▸ **Work task**:
Each record that follows should be duplicated exactly, except for its pictures.

======== Extracted data

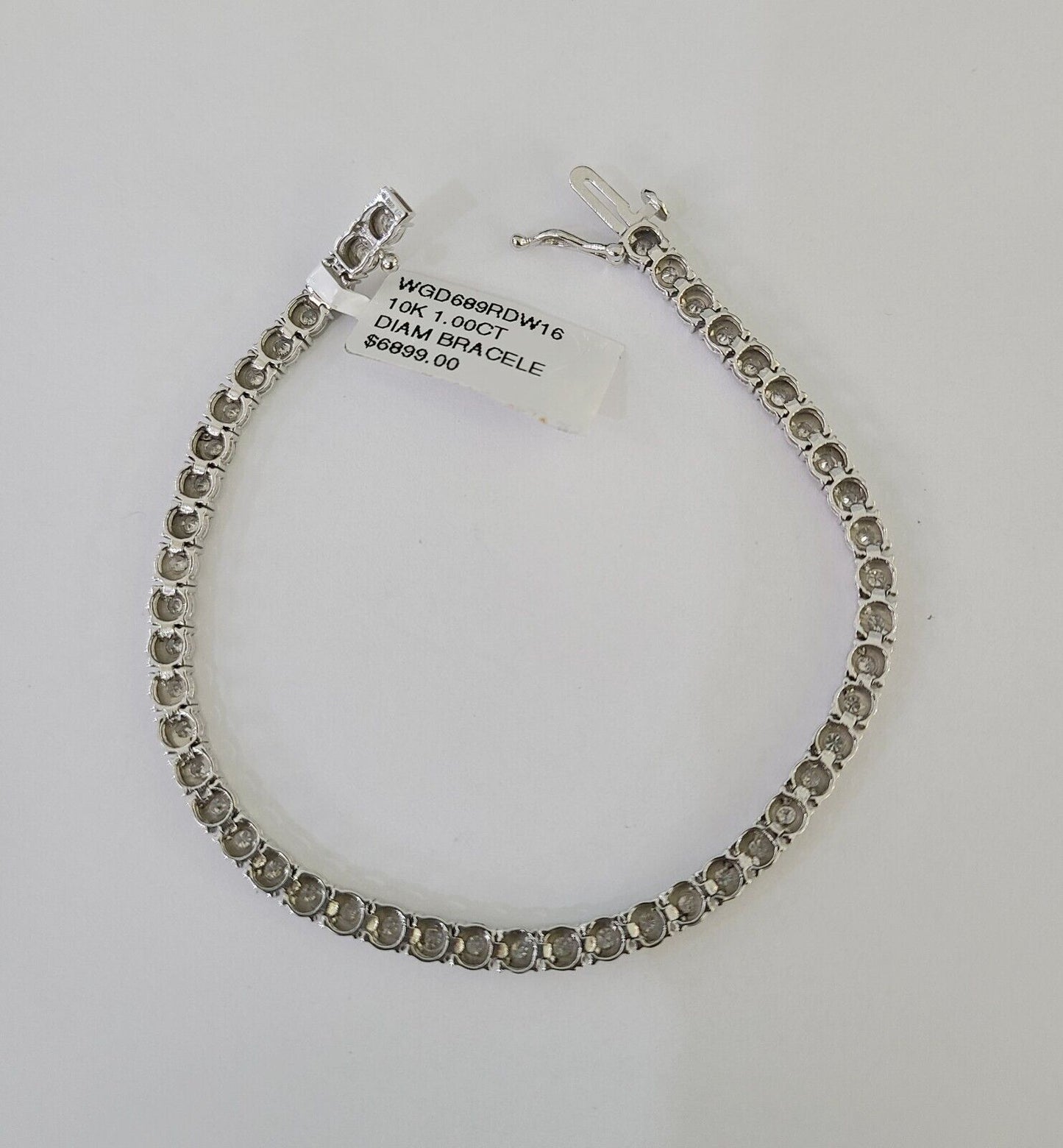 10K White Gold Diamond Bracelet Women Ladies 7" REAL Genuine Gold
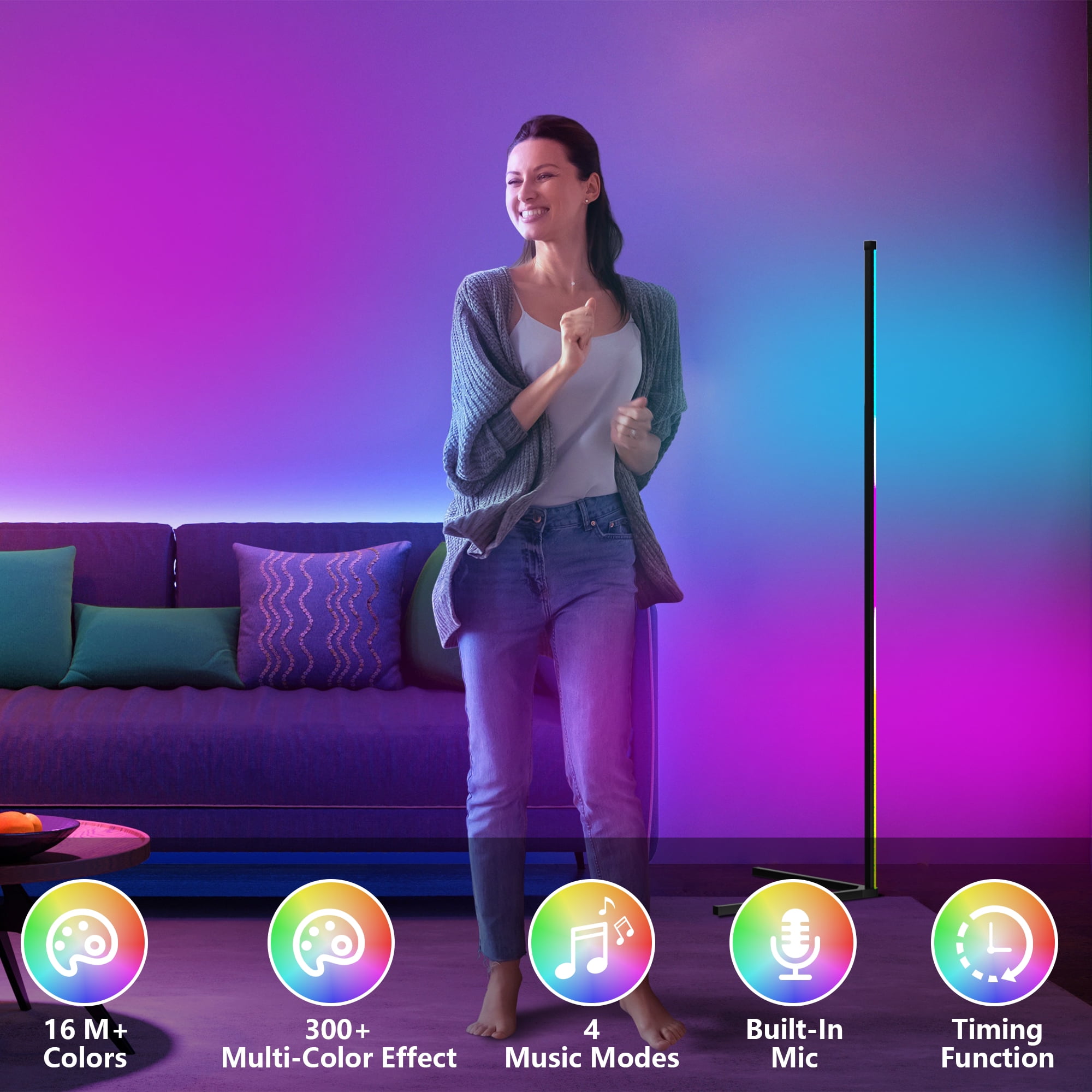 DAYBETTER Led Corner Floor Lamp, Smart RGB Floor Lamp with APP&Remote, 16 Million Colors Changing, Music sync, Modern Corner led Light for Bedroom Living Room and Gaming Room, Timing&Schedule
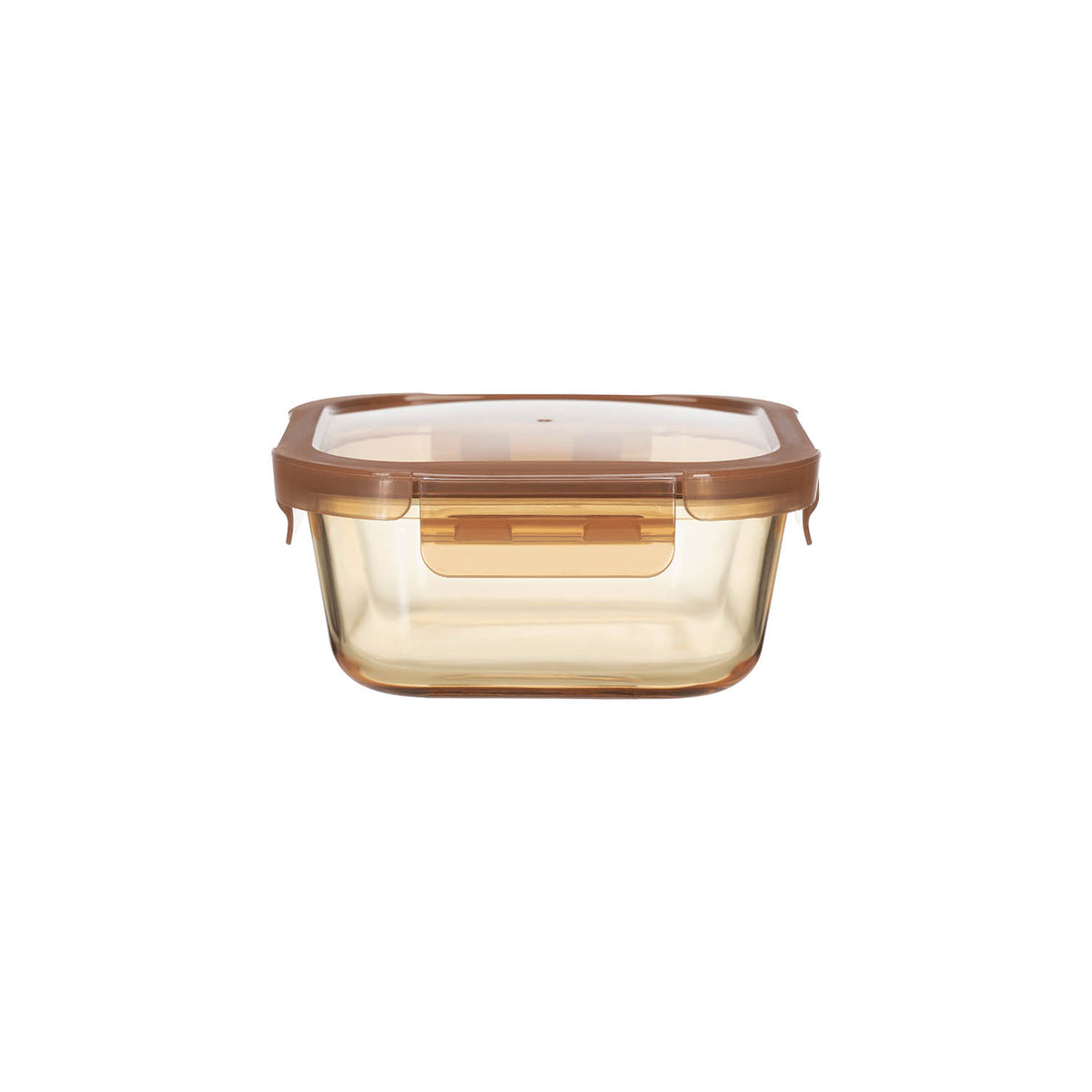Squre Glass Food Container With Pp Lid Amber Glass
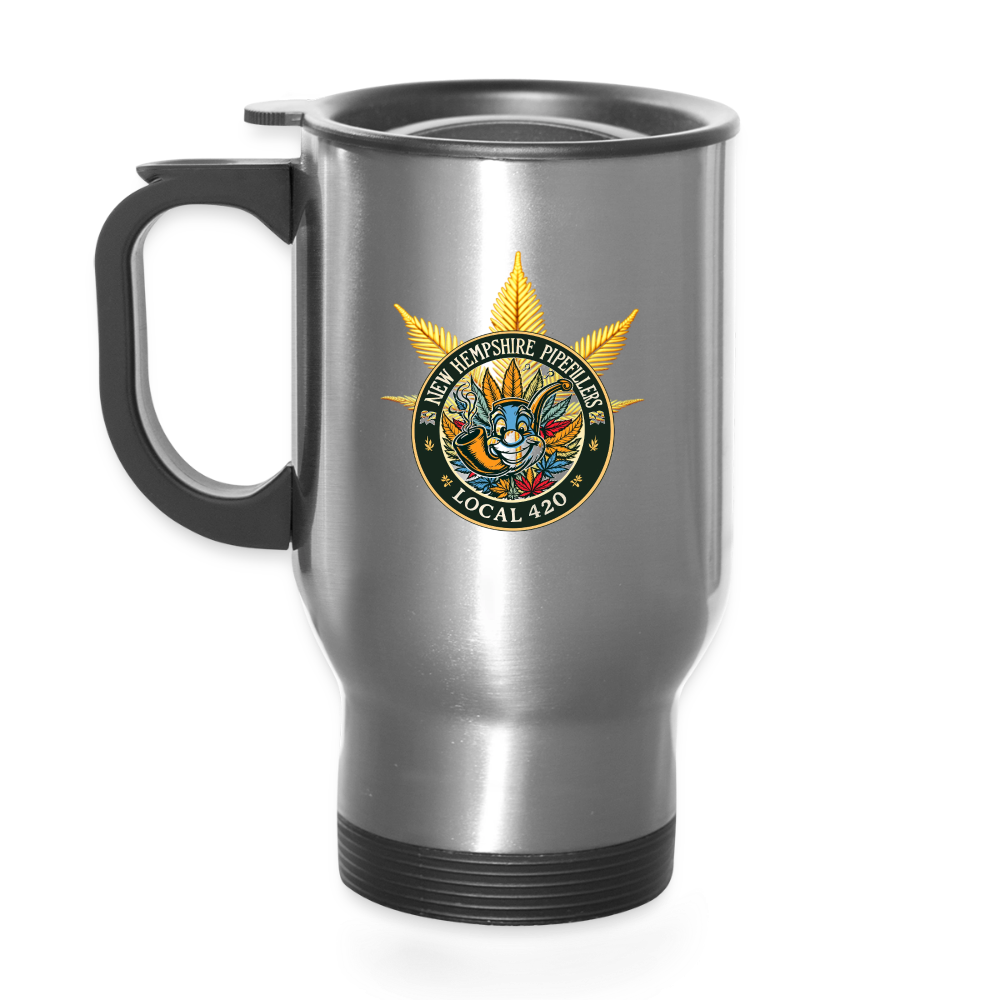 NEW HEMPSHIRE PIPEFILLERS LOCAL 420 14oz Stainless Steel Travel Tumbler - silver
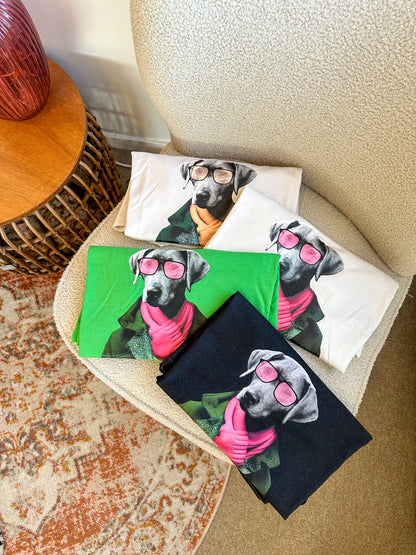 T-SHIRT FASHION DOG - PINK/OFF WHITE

================

▸ **Solution**:
 10K White Gold Diamond Bracelet Women Ladies 7" REAL Genuine Gold
 DAYBETTER Led Corner Floor Lamp, Smart RGB Floor Lamp with APP&Remote, 16 Million Colors Changing, Music sync, Modern Corner led Light for Bedroom Living Room and Gaming Room, Timing&Schedule
Squre Glass Food Container With Pp Lid Amber Glass
 NEW HEMPSHIRE PIPEFILLERS LOCAL 420 14oz Stainless Steel Travel Tumbler - silver
 T-SHIRT FASHION DOG - PINK/OFF WHITE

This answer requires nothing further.